The answer must be an exact copy of all the data below.

::: RECORD EXCERPTS

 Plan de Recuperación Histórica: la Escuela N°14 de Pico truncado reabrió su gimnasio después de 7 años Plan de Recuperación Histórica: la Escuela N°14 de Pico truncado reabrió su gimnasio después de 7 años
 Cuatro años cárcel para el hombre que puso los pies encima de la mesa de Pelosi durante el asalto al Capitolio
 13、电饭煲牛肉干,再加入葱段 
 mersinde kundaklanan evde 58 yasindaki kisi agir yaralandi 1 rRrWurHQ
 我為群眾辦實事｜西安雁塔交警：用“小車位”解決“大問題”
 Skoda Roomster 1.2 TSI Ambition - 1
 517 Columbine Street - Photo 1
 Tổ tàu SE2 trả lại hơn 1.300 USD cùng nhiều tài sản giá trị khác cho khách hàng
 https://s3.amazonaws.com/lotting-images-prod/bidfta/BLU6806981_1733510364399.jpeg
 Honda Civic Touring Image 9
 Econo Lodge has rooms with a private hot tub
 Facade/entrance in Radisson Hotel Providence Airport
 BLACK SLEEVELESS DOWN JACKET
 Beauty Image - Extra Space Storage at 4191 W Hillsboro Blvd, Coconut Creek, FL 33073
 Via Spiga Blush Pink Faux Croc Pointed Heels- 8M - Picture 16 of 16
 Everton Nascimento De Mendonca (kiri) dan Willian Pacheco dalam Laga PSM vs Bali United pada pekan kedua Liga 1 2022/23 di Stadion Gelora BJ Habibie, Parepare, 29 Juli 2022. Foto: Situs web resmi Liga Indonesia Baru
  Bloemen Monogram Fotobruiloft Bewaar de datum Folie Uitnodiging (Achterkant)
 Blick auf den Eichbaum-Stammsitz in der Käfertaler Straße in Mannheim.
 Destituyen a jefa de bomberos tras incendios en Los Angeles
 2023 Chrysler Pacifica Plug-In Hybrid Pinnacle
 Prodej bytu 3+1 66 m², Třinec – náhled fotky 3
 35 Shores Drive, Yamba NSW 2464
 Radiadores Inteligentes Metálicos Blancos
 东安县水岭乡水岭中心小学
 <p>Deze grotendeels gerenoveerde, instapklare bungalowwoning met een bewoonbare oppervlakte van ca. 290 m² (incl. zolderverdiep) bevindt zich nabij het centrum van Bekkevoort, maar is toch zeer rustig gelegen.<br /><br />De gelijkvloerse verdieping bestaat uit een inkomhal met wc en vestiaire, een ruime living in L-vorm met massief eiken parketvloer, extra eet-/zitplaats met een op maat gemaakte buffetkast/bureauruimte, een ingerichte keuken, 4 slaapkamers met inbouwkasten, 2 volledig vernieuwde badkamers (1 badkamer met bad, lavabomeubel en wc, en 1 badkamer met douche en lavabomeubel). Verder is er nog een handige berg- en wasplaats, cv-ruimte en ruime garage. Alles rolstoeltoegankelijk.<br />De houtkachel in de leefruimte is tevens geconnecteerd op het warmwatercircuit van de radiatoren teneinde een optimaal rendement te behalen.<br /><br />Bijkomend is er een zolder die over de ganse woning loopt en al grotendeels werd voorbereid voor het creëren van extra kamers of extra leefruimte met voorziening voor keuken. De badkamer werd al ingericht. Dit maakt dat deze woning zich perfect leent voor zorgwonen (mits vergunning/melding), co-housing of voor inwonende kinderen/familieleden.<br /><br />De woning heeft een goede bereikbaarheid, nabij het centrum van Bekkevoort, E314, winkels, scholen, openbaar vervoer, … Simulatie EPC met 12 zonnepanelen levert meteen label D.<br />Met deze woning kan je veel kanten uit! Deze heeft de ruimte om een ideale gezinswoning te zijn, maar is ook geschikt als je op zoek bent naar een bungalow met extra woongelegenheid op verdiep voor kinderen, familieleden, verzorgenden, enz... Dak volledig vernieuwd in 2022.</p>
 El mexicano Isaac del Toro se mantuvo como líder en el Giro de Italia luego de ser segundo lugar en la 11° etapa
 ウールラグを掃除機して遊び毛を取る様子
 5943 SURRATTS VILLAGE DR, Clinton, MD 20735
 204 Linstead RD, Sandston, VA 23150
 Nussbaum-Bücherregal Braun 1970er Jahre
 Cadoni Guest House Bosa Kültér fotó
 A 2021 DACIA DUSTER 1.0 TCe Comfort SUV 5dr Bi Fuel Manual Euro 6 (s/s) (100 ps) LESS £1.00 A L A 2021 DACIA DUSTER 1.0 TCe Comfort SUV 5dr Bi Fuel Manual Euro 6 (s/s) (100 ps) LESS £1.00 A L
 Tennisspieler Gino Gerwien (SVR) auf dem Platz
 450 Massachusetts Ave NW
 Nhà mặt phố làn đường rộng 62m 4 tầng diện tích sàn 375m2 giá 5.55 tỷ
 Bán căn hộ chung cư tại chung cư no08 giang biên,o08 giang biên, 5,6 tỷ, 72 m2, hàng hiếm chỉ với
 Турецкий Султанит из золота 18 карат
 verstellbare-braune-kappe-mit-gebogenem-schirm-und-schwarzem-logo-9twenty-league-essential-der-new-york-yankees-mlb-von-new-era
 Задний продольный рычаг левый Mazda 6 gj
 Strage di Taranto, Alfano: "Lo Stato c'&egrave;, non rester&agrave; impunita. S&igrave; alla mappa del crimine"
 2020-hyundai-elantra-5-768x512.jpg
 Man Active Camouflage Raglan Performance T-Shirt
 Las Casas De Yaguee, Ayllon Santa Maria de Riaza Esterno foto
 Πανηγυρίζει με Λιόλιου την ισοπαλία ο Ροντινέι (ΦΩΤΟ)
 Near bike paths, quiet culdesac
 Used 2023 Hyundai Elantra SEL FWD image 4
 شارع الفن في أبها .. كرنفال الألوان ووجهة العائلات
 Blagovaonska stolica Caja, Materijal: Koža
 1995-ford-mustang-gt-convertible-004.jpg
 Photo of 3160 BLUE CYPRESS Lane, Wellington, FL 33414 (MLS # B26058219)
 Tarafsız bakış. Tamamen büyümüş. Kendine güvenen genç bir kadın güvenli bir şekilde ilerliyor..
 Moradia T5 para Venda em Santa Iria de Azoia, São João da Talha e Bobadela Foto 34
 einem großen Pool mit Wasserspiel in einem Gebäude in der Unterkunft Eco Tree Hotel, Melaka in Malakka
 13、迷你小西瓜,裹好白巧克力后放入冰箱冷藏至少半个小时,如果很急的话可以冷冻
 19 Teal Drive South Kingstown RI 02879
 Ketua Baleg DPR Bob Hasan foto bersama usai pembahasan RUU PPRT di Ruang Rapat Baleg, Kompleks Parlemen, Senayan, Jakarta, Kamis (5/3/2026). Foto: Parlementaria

::::::

> **EXERCISE SOLUTION**:
 Plan de Recuperación Histórica: la Escuela N°14 de Pico truncado reabrió su gimnasio después de 7 años Plan de Recuperación Histórica: la Escuela N°14 de Pico truncado reabrió su gimnasio después de 7 años
 Cuatro años cárcel para el hombre que puso los pies encima de la mesa de Pelosi durante el asalto al Capitolio
 13、电饭煲牛肉干,再加入葱段 
 mersinde kundaklanan evde 58 yasindaki kisi agir yaralandi 1 rRrWurHQ
 我為群眾辦實事｜西安雁塔交警：用“小車位”解決“大問題”
 Skoda Roomster 1.2 TSI Ambition - 1
 517 Columbine Street - Photo 1
 Tổ tàu SE2 trả lại hơn 1.300 USD cùng nhiều tài sản giá trị khác cho khách hàng
 https://s3.amazonaws.com/lotting-images-prod/bidfta/BLU6806981_1733510364399.jpeg
 Honda Civic Touring Image 9
 Econo Lodge has rooms with a private hot tub
 Facade/entrance in Radisson Hotel Providence Airport
 BLACK SLEEVELESS DOWN JACKET
 Beauty Image - Extra Space Storage at 4191 W Hillsboro Blvd, Coconut Creek, FL 33073
 Via Spiga Blush Pink Faux Croc Pointed Heels- 8M - Picture 16 of 16
 Everton Nascimento De Mendonca (kiri) dan Willian Pacheco dalam Laga PSM vs Bali United pada pekan kedua Liga 1 2022/23 di Stadion Gelora BJ Habibie, Parepare, 29 Juli 2022. Foto: Situs web resmi Liga Indonesia Baru
  Bloemen Monogram Fotobruiloft Bewaar de datum Folie Uitnodiging (Achterkant)
 Blick auf den Eichbaum-Stammsitz in der Käfertaler Straße in Mannheim.
 Destituyen a jefa de bomberos tras incendios en Los Angeles
 2023 Chrysler Pacifica Plug-In Hybrid Pinnacle
 Prodej bytu 3+1 66 m², Třinec – náhled fotky 3
 35 Shores Drive, Yamba NSW 2464
 Radiadores Inteligentes Metálicos Blancos
 东安县水岭乡水岭中心小学
 <p>Deze grotendeels gerenoveerde, instapklare bungalowwoning met een bewoonbare oppervlakte van ca. 290 m² (incl. zolderverdiep) bevindt zich nabij het centrum van Bekkevoort, maar is toch zeer rustig gelegen.<br /><br />De gelijkvloerse verdieping bestaat uit een inkomhal met wc en vestiaire, een ruime living in L-vorm met massief eiken parketvloer, extra eet-/zitplaats met een op maat gemaakte buffetkast/bureauruimte, een ingerichte keuken, 4 slaapkamers met inbouwkasten, 2 volledig vernieuwde badkamers (1 badkamer met bad, lavabomeubel en wc, en 1 badkamer met douche en lavabomeubel). Verder is er nog een handige berg- en wasplaats, cv-ruimte en ruime garage. Alles rolstoeltoegankelijk.<br />De houtkachel in de leefruimte is tevens geconnecteerd op het warmwatercircuit van de radiatoren teneinde een optimaal rendement te behalen.<br /><br />Bijkomend is er een zolder die over de ganse woning loopt en al grotendeels werd voorbereid voor het creëren van extra kamers of extra leefruimte met voorziening voor keuken. De badkamer werd al ingericht. Dit maakt dat deze woning zich perfect leent voor zorgwonen (mits vergunning/melding), co-housing of voor inwonende kinderen/familieleden.<br /><br />De woning heeft een goede bereikbaarheid, nabij het centrum van Bekkevoort, E314, winkels, scholen, openbaar vervoer, … Simulatie EPC met 12 zonnepanelen levert meteen label D.<br />Met deze woning kan je veel kanten uit! Deze heeft de ruimte om een ideale gezinswoning te zijn, maar is ook geschikt als je op zoek bent naar een bungalow met extra woongelegenheid op verdiep voor kinderen, familieleden, verzorgenden, enz... Dak volledig vernieuwd in 2022.</p>
 El mexicano Isaac del Toro se mantuvo como líder en el Giro de Italia luego de ser segundo lugar en la 11° etapa
 ウールラグを掃除機して遊び毛を取る様子
 5943 SURRATTS VILLAGE DR, Clinton, MD 20735
 204 Linstead RD, Sandston, VA 23150
 Nussbaum-Bücherregal Braun 1970er Jahre
 Cadoni Guest House Bosa Kültér fotó
 A 2021 DACIA DUSTER 1.0 TCe Comfort SUV 5dr Bi Fuel Manual Euro 6 (s/s) (100 ps) LESS £1.00 A L A 2021 DACIA DUSTER 1.0 TCe Comfort SUV 5dr Bi Fuel Manual Euro 6 (s/s) (100 ps) LESS £1.00 A L
 Tennisspieler Gino Gerwien (SVR) auf dem Platz
 450 Massachusetts Ave NW
 Nhà mặt phố làn đường rộng 62m 4 tầng diện tích sàn 375m2 giá 5.55 tỷ
 Bán căn hộ chung cư tại chung cư no08 giang biên,o08 giang biên, 5,6 tỷ, 72 m2, hàng hiếm chỉ với
 Турецкий Султанит из золота 18 карат
 verstellbare-braune-kappe-mit-gebogenem-schirm-und-schwarzem-logo-9twenty-league-essential-der-new-york-yankees-mlb-von-new-era
 Задний продольный рычаг левый Mazda 6 gj
 Strage di Taranto, Alfano: "Lo Stato c'&egrave;, non rester&agrave; impunita. S&igrave; alla mappa del crimine"
 2020-hyundai-elantra-5-768x512.jpg
 Man Active Camouflage Raglan Performance T-Shirt
 Las Casas De Yaguee, Ayllon Santa Maria de Riaza Esterno foto
 Πανηγυρίζει με Λιόλιου την ισοπαλία ο Ροντινέι (ΦΩΤΟ)
 Near bike paths, quiet culdesac
 Used 2023 Hyundai Elantra SEL FWD image 4
 شارع الفن في أبها .. كرنفال الألوان ووجهة العائلات
 Blagovaonska stolica Caja, Materijal: Koža
 1995-ford-mustang-gt-convertible-004.jpg
 Photo of 3160 BLUE CYPRESS Lane, Wellington, FL 33414 (MLS # B26058219)
 Tarafsız bakış. Tamamen büyümüş. Kendine güvenen genç bir kadın güvenli bir şekilde ilerliyor..
 Moradia T5 para Venda em Santa Iria de Azoia, São João da Talha e Bobadela Foto 34
 einem großen Pool mit Wasserspiel in einem Gebäude in der Unterkunft Eco Tree Hotel, Melaka in Malakka
 13、迷你小西瓜,裹好白巧克力后放入冰箱冷藏至少半个小时,如果很急的话可以冷冻
 19 Teal Drive South Kingstown RI 02879
 Ketua Baleg DPR Bob Hasan foto bersama usai pembahasan RUU PPRT di Ruang Rapat Baleg, Kompleks Parlemen, Senayan, Jakarta, Kamis (5/3/2026). Foto: Parlementaria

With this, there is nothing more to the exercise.